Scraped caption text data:
====

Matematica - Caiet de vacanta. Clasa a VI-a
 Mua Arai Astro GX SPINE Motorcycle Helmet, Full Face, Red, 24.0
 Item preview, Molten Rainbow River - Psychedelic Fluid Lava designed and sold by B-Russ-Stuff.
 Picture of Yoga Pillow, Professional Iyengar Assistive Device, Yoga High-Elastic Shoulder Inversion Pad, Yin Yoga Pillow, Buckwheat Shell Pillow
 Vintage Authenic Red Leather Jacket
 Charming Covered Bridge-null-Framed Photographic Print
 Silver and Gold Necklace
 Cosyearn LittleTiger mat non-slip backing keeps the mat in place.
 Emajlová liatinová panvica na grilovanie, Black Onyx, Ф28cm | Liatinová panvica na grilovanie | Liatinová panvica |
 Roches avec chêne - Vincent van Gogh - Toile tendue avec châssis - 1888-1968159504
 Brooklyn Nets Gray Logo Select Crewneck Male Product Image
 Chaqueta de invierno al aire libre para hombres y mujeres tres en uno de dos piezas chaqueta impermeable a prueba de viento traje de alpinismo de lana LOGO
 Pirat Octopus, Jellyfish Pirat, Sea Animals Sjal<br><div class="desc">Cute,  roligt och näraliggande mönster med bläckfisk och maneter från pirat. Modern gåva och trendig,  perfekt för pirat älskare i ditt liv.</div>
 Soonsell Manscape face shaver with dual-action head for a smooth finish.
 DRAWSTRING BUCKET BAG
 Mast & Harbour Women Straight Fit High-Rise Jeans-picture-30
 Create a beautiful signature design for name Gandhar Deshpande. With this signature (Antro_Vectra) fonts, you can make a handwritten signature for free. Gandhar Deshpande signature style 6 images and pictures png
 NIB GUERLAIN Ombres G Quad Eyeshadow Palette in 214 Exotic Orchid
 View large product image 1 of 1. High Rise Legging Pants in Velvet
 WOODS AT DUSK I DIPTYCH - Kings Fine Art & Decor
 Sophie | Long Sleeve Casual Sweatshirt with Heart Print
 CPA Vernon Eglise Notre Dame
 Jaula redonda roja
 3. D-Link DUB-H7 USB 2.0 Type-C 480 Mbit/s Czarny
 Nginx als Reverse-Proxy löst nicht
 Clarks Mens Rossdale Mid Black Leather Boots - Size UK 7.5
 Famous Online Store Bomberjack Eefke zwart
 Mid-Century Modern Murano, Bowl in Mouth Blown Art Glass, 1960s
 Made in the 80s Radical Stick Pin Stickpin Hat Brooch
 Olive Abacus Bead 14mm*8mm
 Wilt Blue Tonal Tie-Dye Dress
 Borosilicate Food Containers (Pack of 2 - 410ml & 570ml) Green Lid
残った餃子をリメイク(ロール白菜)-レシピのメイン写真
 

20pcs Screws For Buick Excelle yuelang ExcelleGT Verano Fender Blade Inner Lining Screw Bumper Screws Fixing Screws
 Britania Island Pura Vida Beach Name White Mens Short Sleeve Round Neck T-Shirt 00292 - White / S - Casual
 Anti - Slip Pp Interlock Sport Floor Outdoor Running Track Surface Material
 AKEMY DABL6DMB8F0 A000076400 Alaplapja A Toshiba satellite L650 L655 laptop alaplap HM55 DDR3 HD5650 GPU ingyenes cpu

====

GOAL OF THE EXERCISE » The required answer is the exact run of lines above starting at the line with "Mid-Century Modern Murano, Bowl" and ending at the line with "Anti - Slip", with both ends present.

WRITTEN SOLUTION »
 Mid-Century Modern Murano, Bowl in Mouth Blown Art Glass, 1960s
 Made in the 80s Radical Stick Pin Stickpin Hat Brooch
 Olive Abacus Bead 14mm*8mm
 Wilt Blue Tonal Tie-Dye Dress
 Borosilicate Food Containers (Pack of 2 - 410ml & 570ml) Green Lid
残った餃子をリメイク(ロール白菜)-レシピのメイン写真
 

20pcs Screws For Buick Excelle yuelang ExcelleGT Verano Fender Blade Inner Lining Screw Bumper Screws Fixing Screws
 Britania Island Pura Vida Beach Name White Mens Short Sleeve Round Neck T-Shirt 00292 - White / S - Casual
 Anti - Slip Pp Interlock Sport Floor Outdoor Running Track Surface Material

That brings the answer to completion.